"So far, so good", said one official at the state-run China International Travel Service in Beijing, when asked about booking cancellations because of the crash.
"We haven't had any cancellations, and I don't think we will have bookings withdrawn for the World Cup either - we are still struggling to cope with the demand," the official said.
There are more than 250 weekly flights between Beijing and Seoul. The number was increased in February to take advantage of the expected upsurge in travel ahead of the World Cup.
But Lee Kyung-mi, who works at a specialist travel company, Chinatravel.co.kr, said that they had received cancellations immediately after the air accident.
"Before the crash, flights to China had been very full and there was always a long waiting list," she said.
"People have been cancelling flights to China - now there are suddenly more seats available."
Football organisers and others in the tourism industry are hoping that swift action by the governments in South Korea and China will allay public concerns about air travel between the two countries.
"I hope - and expect -that the crash won't have a negative impact on the World Cup", said Lim Byung-taik, director of public relations at KOWOC - the Korean Organising Committee for the 2002 Fifa World Cup.
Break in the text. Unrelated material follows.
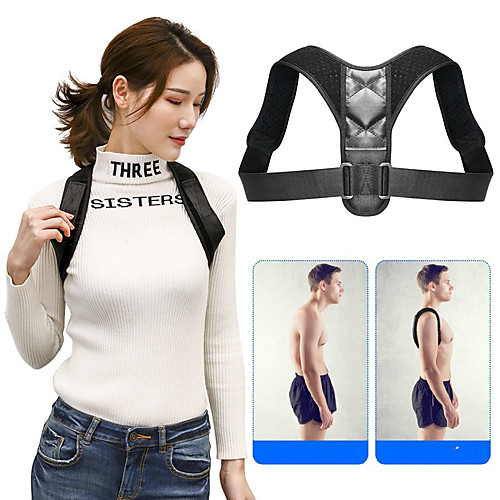 Posture Corrector Sports Spandex Yoga Gym Workout Pilates Adjustable Durable Physical Therapists For Men Women
Posture Corrector Sports Spandex Yoga Gym Workout Pilates Adjustable Durable Physical Therapists For Men Women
"There are many airlines travelling between China and Korea - as well as other forms of transportation.
"Nine port cities have direct services between China and Korea and we're expecting large crowds of Chinese when the Chinese team plays South Korea at a friendly match in Inchon later this month."
In addition to the official investigation into the crash, South Korean officials have also ordered extra safety checks on transportation systems before the football festival kicks off.